David trossel, CEO and CTO of Bridge works, comments: “While the UK has committed to ensuring Brexit is adequate, it has created two categories of GDPR for UK businesses: UK GDPR and, for those who treat EU citizens, there is the original EU GDPR. He explains that the free data transfer bridge ended on June 30, 2021 and since then there have been murmurs of the UK government’s intention to remove some of the GDPR requirements in the UK.

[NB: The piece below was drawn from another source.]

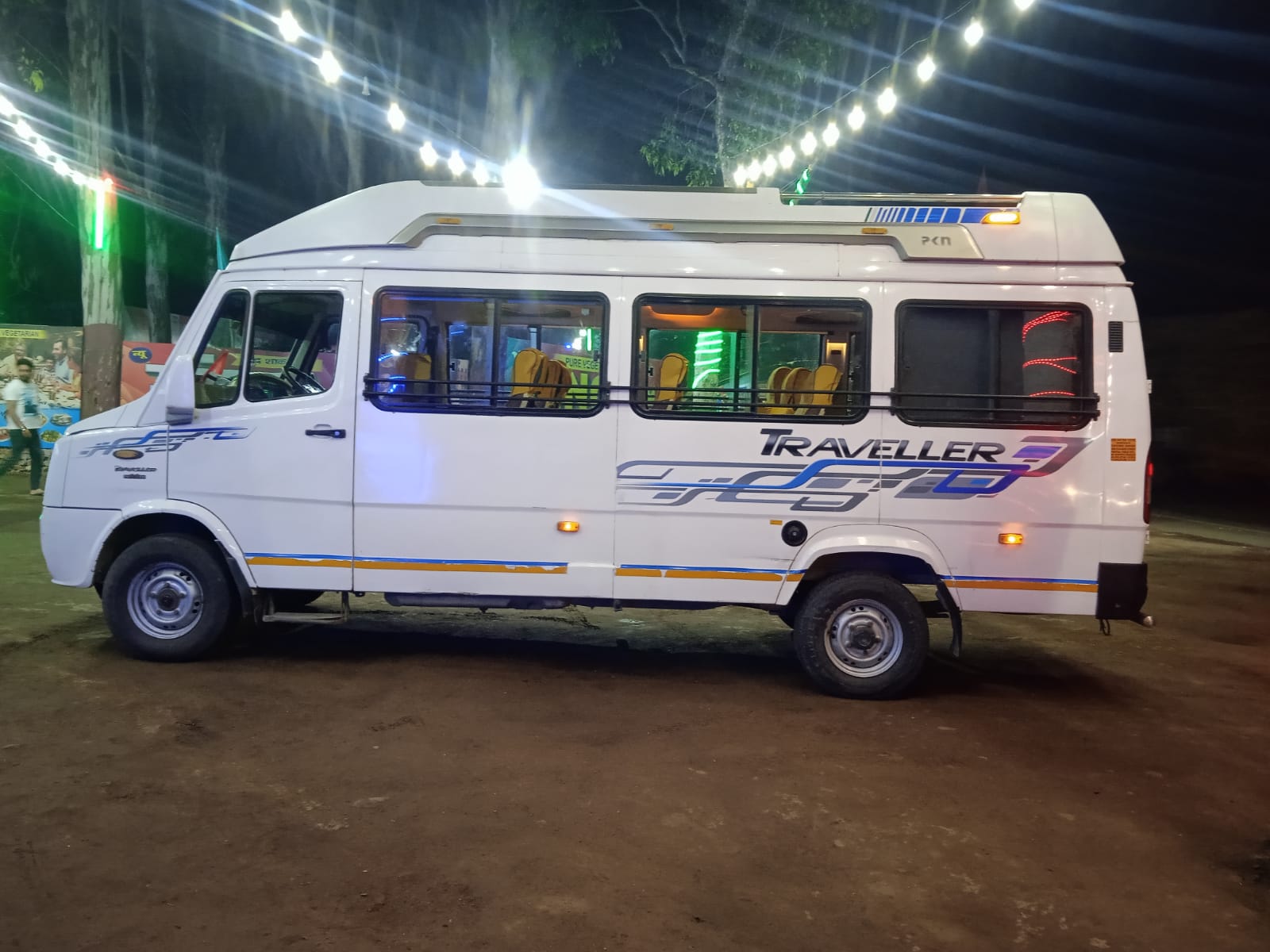 16 Seater Tempo Traveller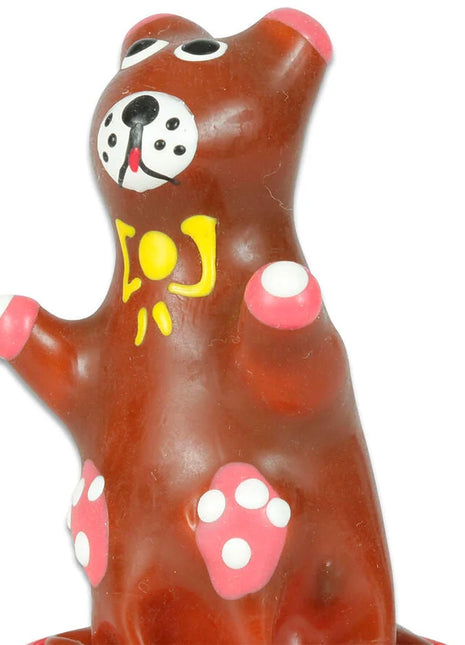 Ein brauner keramikbär mit pink-weißen gepunkteten pfoten und sonnendesign auf der brust handbemalt kondombär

“This prospect is strange, because it was the UK that launched the whole GDPR initiative,” he said before adding, “By creating two classes of GDPR, organizations find that they have a considerable amount of work to do. to separate the two separate groups and rules. As many countries have adopted GDPR rules, it looks like the UK is once again the only one with different rules from everyone else. “

To add to what he calls “confusion,” Trossell reveals that the EU is now considering GDPR 2.0 rules for AI. Still, there is some consistency. For example, Maurice Stewart Ashley, sales director for EMEA and APAC at Index Engines, says there have not yet been any changes in the sanctions that have been instituted, but that this area will be at the center of concern in the years to come. to come.

Growth in data volume

Data volumes will always change and grow. So how much have they grown since 2017, and do organizations have a bigger challenge than in 2017 with finding personal and sensitive data? Stewart-Ashley believes the data continues to grow at an exponential rate. “Unstructured data, by its very nature, is the most difficult to control and find, with several petabytes now the norm. All organizations spend an inordinate amount of time trying to manage and control this data, ”he explains, before commenting that this requires very high levels of investment in hardware, software licenses and, of course, software. space, power and environmental requirements.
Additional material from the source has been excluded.